◆ ASSIGNMENT:
Only the lines from the one containing "Black Sapphire Metallic" to the end of the listing below should be returned, exactly as written and without pictures.

◆ EXERCISE DATA:
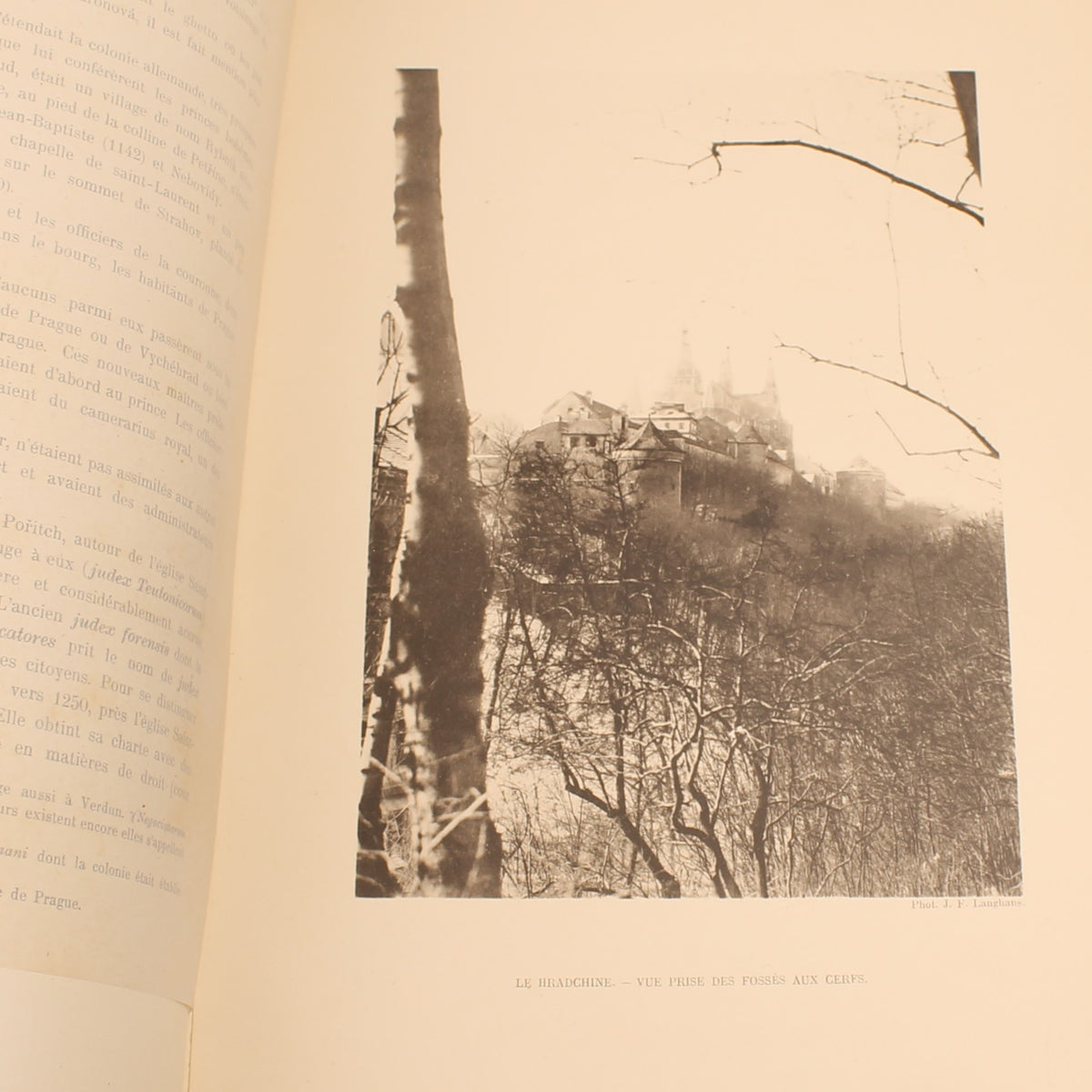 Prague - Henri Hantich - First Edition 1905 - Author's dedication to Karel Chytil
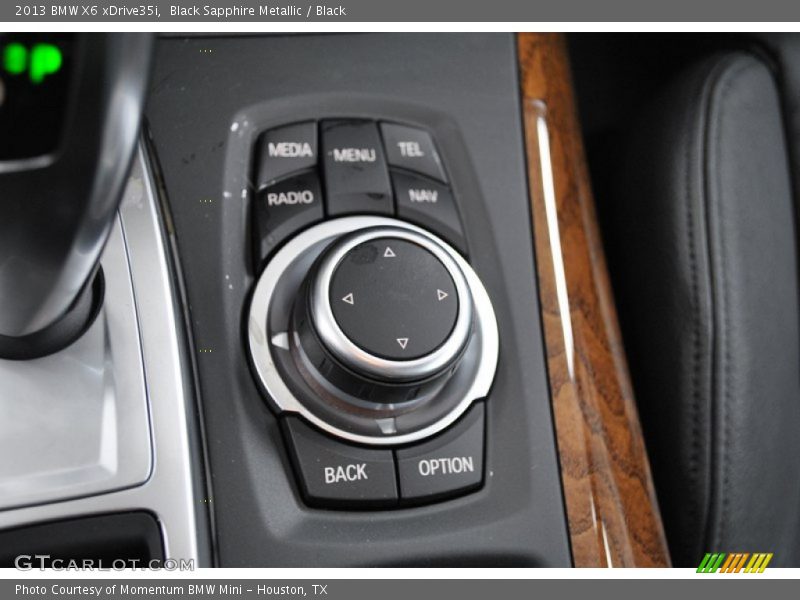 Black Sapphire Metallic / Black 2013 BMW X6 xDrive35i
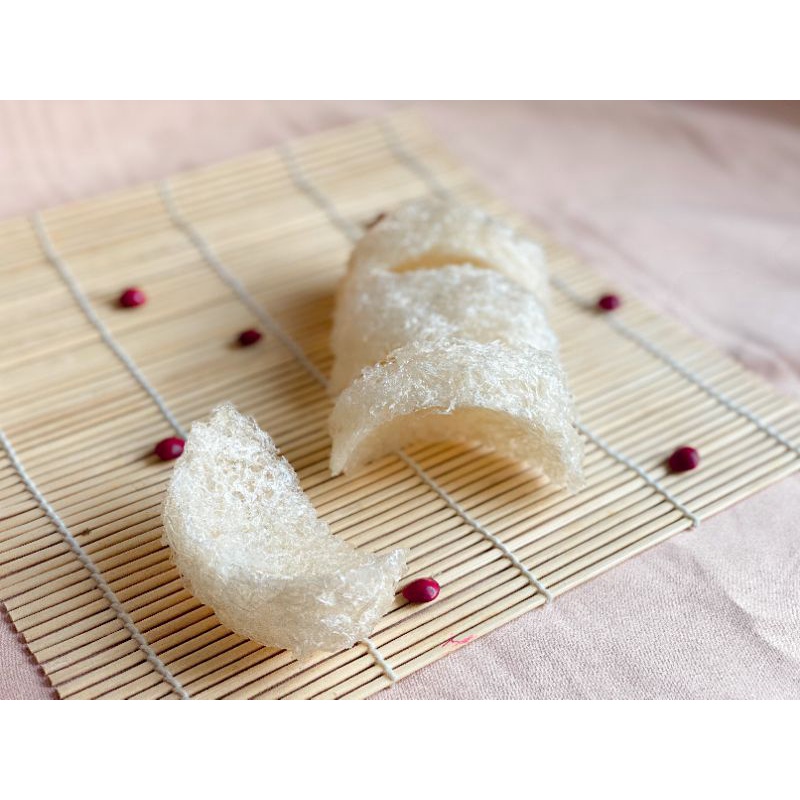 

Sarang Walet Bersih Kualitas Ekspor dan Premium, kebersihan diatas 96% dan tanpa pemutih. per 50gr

◆ RESULT OF THIS EXERCISE:
 Black Sapphire Metallic / Black 2013 BMW X6 xDrive35i

Sarang Walet Bersih Kualitas Ekspor dan Premium, kebersihan diatas 96% dan tanpa pemutih. per 50gr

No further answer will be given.